LAWS(PVC)-1926-5-64

GOBINDA CHANDRA PAL Vs. PULIN BEHARI BANNERJEE

Decided On May 14, 1926
GOBINDA CHANDRA PAL Appellant
V/S
PULIN BEHARI BANNERJEE Respondents

JUDGEMENT

(1.) This appeal arises out of a suit for sale based on a simple mortgage bond. The bond was executed by Defendants Nos. 1 to 6 or their predecessors in favour of the plaintiff's father on the 21 June 1885. It was an instalment mortgage bond by which the executants promised to pay 191 maps of paddy at the rate of 7 maps per annum from the years 1293 to 1316 B.S. and the balance of 5 maps in the year 1317 B.S. The bond stipulated that in default of the payment of any one instalment the mortgagee would be entitled forthwith to realize the whole of the paddy then remaining due with interest at a certain rate. Subsequent to the execution of this bond and on the 7 June 1901, the mortgagors executed another mortgage bond in respect of the same mortgaged properties in favour of the plaintiffs mother the plaintiffs mother instituted a suit on the basis of this latter bond, obtained a decree and in execution of the decree the mortgaged properties were put up to sale and purchased by the Defendant No. 7 the plaintiffs case is that the instalments due for 1316 and 1317 were not paid and in the present suit the plaintiffs sought to enforce the mortgage by sale of the mortgaged properties for the said dues. The suit has been decreed by both the Courts below and the Defendants Nos. 1 to 5 and 7 have preferred the present appeal.

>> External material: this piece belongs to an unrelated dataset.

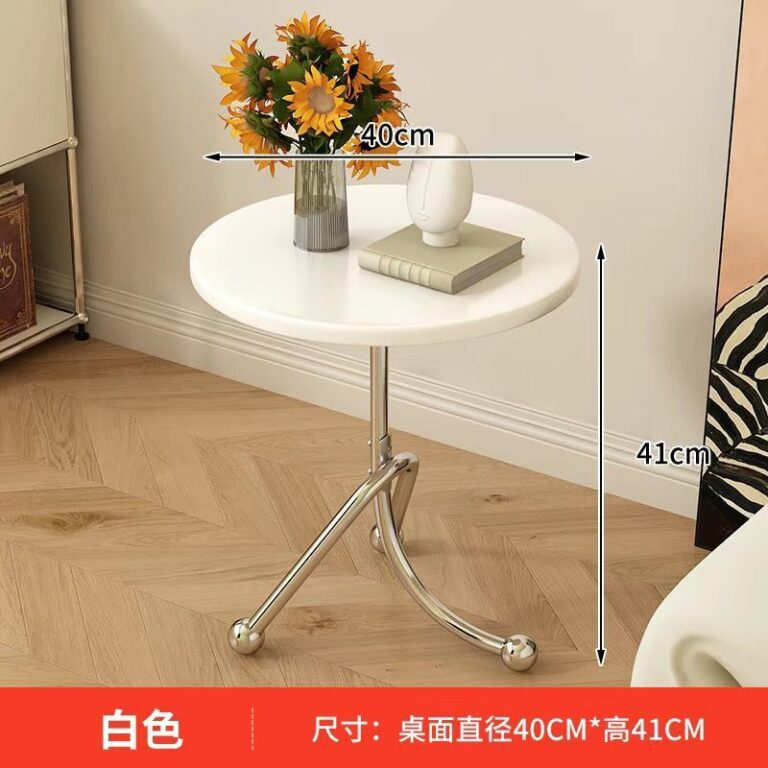 โต๊ะข้างเรียบง่ายสไตล์นอร์ดิกสำหรับห้องนั่งเล่น โต๊ะกาแฟขนาดเล็ก โต๊ะริมหน้าต่างโค้งสำหรับระเบียงพักผ่อน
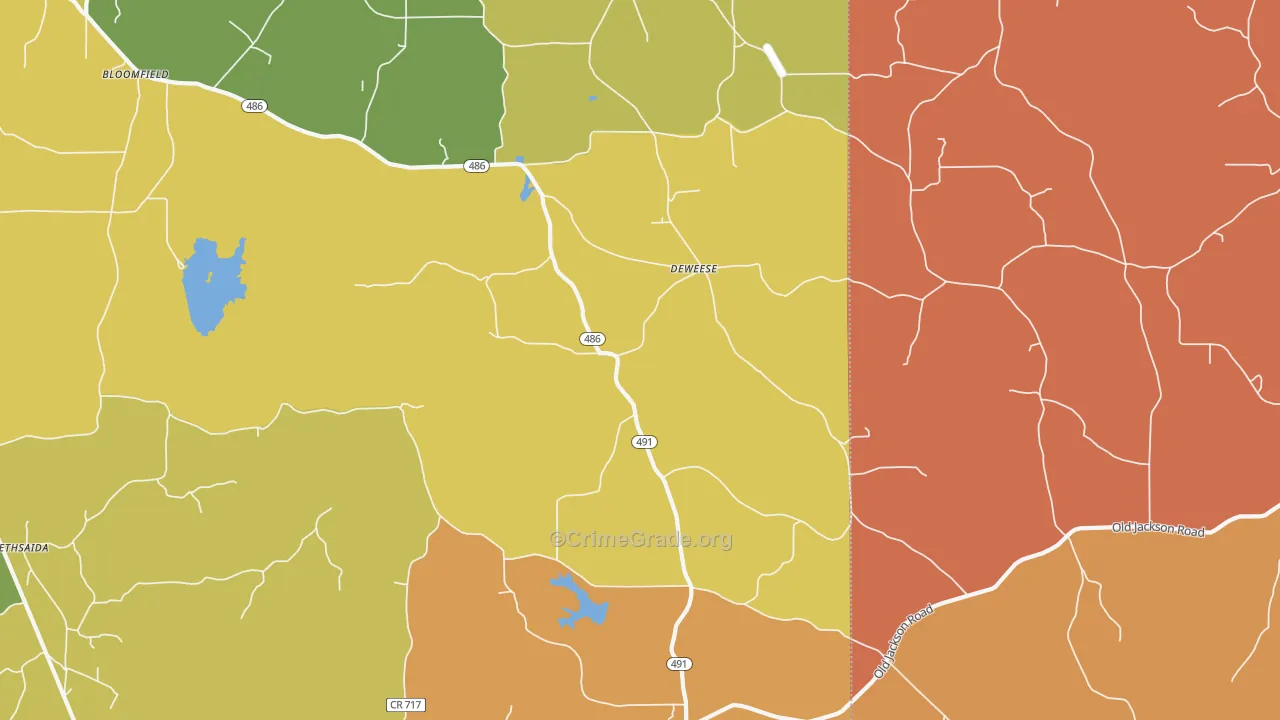 DeWeese, MS Map of Murder Rates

(2.) The first contention urged oh behalf of the appellants is to the effect that the plaintiffs are estopped from enforcing their mortgage in the present suit because this mortgage was not set out in the suit instituted by the plaintiffs mother against the mortgagors. It is said that the plaintiffs father conducted the suit on behalf of the plaintiffs mother, and by reason of the provisions of Order 34, Rule 12, Civil P.C., it was incumbent upon the plaintiffs mother in that suit to set out the mortgage upon which the present suit has been instituted, and that inasmuch as this mortgage was not set out in that suit the plaintiffs are estopped from putting forward their present claim. The finding of the Courts below is to the effect that the plaintiffs mother was not the benamidar of the plaintiffs father. That was a suit in which the plaintiffs father was not a party. It was not obligatory upon the plaintiffs mother in that suit to have set out this mortgage. Unless it could be shown on behalf of the appellants that there was a duty in the plaintiffs mother to have set out this mortgage either herself or through her agent who looked after the proceedings in that suit on her behalf the question of estoppel does not really arise.

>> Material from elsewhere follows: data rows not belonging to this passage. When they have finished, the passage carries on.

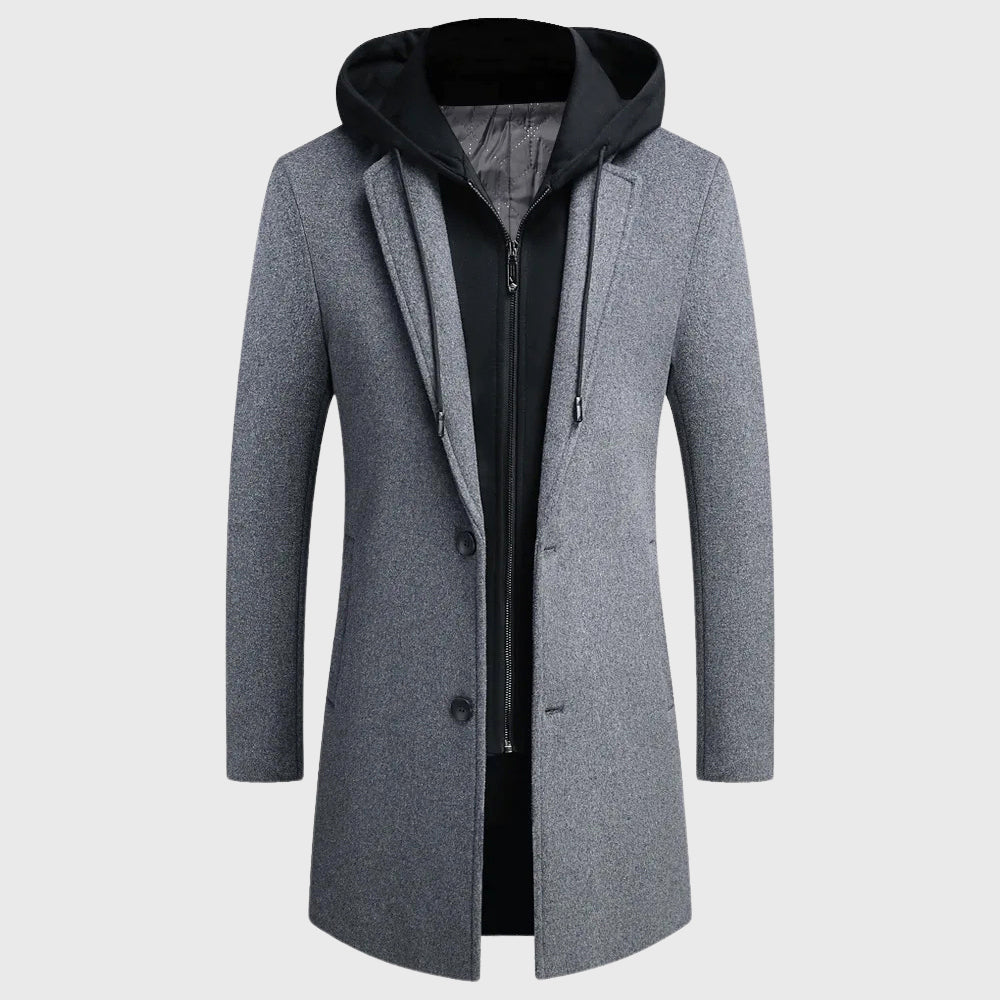 Calvin - Men's Casual Hooded Overcoat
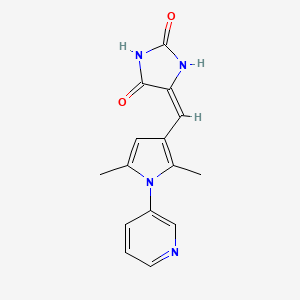 molecular formula C15H14N4O2 B5507544 5-{[2,5-dimethyl-1-(3-pyridinyl)-1H-pyrrol-3-yl]methylene}-2,4-imidazolidinedione 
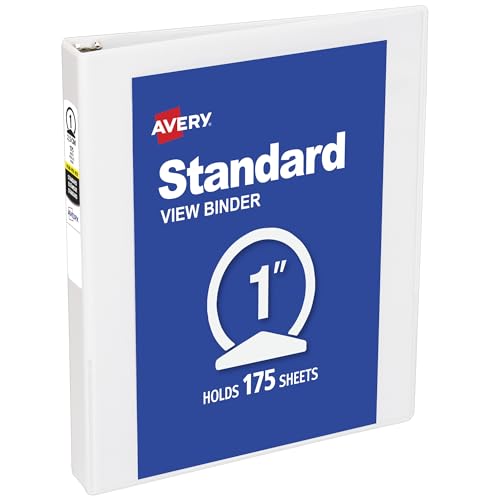 Avery Standard View 3 Ring Binder, 1" Round Rings, 175-Sheet Capacity, 1.4 Inch Wide Spine, 1 White Binder, Ideal for Lightweight Organization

(3.) A further argument was sought to be advanced with regard to this matter based on the lines upon which para 7 of the written statement of the defendants was worded, namely, it was allege 1 that by reason of the conduct of the plaintiffs father in connexion with the suit to which I have referred the Defendant No. 7 was misled into purchasing the properties; in other words, that plaintiffs father who though not a party to those proceedings was actually doing everything therein on behalf of his wife and he did not mention either in the proceedings or in the sale porclamation that there was this prior mortgage, and by reason of his conduct in this respect the Defendant No. 7 was misled and he purchased under the idea that there was no such mortgage. This line of defence though foreshadowed in the written statement does not appear to have been developed in any of the Courts below and indeed there was no materials upon the record upon which the appellants can urge this contention.